48% of religious are obese and 42% suffer from hypertension. Food collection is a disciplinary practice. To earn the merit and honor of ancestors, faithful often provide them with generous portions, processed foods and cigarettes. Buddha's teaching does not permit refusal.
Bangkok (AsiaNews / Agencies) - Heavy curries, sugary sweets, drinks and savory snacks: the alms of the faithful is undermining the health - and the weight - of Thai Buddhist monks. The increasingly widespread cases of diabetes, hypertension and knee conditions outline the extent of the health crisis that is affecting the country's Buddhist clergy. Last December, Thai health and religious officials published a "Charter on the healthcare of the monks". The document orders the religious to pay attention to their diet.
Every day, the Buddhist monk must seek alms. The collection of food and offerings is a disciplinary practice, both for monks and nuns. The religious set out every day at first light with their bowls and wander through villages and cities to collect the offerings of the day. Thais, who through generosity try to earn merit and honor for their ancestors, often provide them with abundant food.

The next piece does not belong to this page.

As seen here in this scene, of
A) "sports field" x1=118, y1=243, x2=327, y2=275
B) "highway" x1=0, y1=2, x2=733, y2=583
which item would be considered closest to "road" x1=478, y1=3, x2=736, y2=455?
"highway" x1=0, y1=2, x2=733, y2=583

"If they eat and are satisfied, we feel the comfort of that food will be transferred to our loved ones," says Prachaksvich Lebnak, Deputy Secretary-General of the National Health Security Office. "Some people - he continues - even give them cigarettes, as a symbolic offering to the ancestors who were avid smokers". According to the Asian Development Bank, Thais have some of the highest obesity rates in Asia. The members of the clergy are among the most affected: a research conducted in 2016 by the monks of the Chulalongkorn University in Bangkok reveals that 48% of religious are obese and 42% suffer from hypertension.

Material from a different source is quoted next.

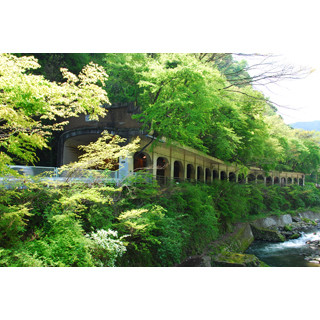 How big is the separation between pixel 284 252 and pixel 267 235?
11.3 ft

Buddhist precepts forbid monks from eating after noon. But some juices, indicated as a pana in religious writings, are allowed after midday. This makes them perfect vehicles for an excessive supply of sugar. To exacerbate the problem there are also pre-packaged alms, which include processed foods and are readily available in Thai shops.
Although the new guidelines, which are not mandatory, require monks to take care of their health, refusing the offerings of devotees is a sensitive subject. "According to the Lord Buddha's teaching, we must accept whatever they offer. We can not escape, we can not refuse, "explains Phra Rajvoramuni, assistant abbot of the Sungvej temple in Bangkok.

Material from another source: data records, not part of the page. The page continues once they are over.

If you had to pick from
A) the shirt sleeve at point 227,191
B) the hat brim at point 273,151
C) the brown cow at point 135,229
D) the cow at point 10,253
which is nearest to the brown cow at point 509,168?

The monk, who helped draft the Charter, hopes that health education, exercise and basic medical checks will bring about positive changes. "Even the monks should do something, like walking meditating, cleaning the temple in the morning, sweeping the floors," he suggests. Jongjit Angkatavanich, a researcher at Chulalongkorn University who conducted the 2016 study, is confident: "We will see a tangible change in three years".